Through our close participation with the ASE (American Society of Echocardiography), ACC (American College of Cardiology), and the U.S. FDA, we led the development of these Societies’ and agency’s best practice standards for echocardiograms (echoes) in clinical research and imaging informatics.

When we work on clinical research trials, we are contributing investigators sharing our expertise and services, active partners with sponsors and trial leadership, and a vital step toward the most comprehensive and accurate results.

What are some of the trials DCRI Imaging has worked on?

One of our earliest studies was the landmark PARTNER (Placement of Aortic Transcatheter Valves) trial, the first ever randomized trial of percutaneous aortic valve replacement for severe aortic stenosis. The study included nearly 3,300 patients and more than 17,000 echoes and has led to more than 30 publications (and counting!) for DCRI investigators.

More recently, we became the core echo lab for another innovative intervention for cardiac valve disease: percutaneous mitral valve replacements. The MITRAL trial results were presented as late breaking clinical trials at TCT and at the AHA Scientific Sessions in fall 2017 and have significantly extended the use of devices for structural heart diseases.

Today, we’re the Imaging Coordinating Center for the BASELINE study funded by Verily Life Sciences. This study aims to fundamentally redefine the molecular and other definitions of health and disease. The imaging modalities we are contributing include rest echo, stress echo, and rest ECG, all familiar to us, as well as introducing ophthalmologic and radiologic imaging. Adding these modalities has meant forging new, highly collaborative relationships with the Duke Eye Center and Duke Radiology. In total, we’re coordinating nine imaging modalities on this study, which is very exciting.

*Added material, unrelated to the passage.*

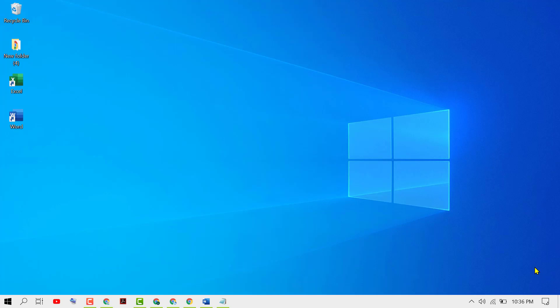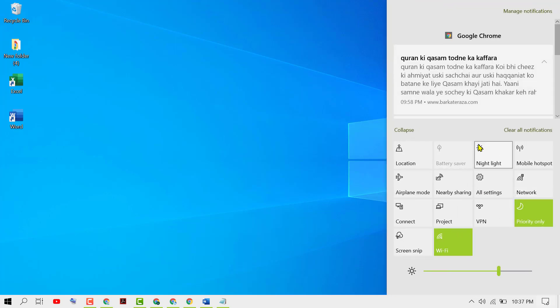Hello friends, in this video I'm going to show you how to add a missing Bluetooth icon on Windows 10 action center. As we can see in this list, the Bluetooth icon is missing.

When is the best time for researchers to bring the Imaging team into a study?

As soon as possible, even during the early phase of concept discussions. We can consult with teams on the best imaging strategy even before writing their protocol—asking ‘what information can imaging provide to assist in addressing the scientific question?’—and then figuring out a plan to capture this, including the right modality at the right time and analyzed in the right way. Of course, we’re delighted to work on any study for which we can add value—we are adept at rescue studies, too.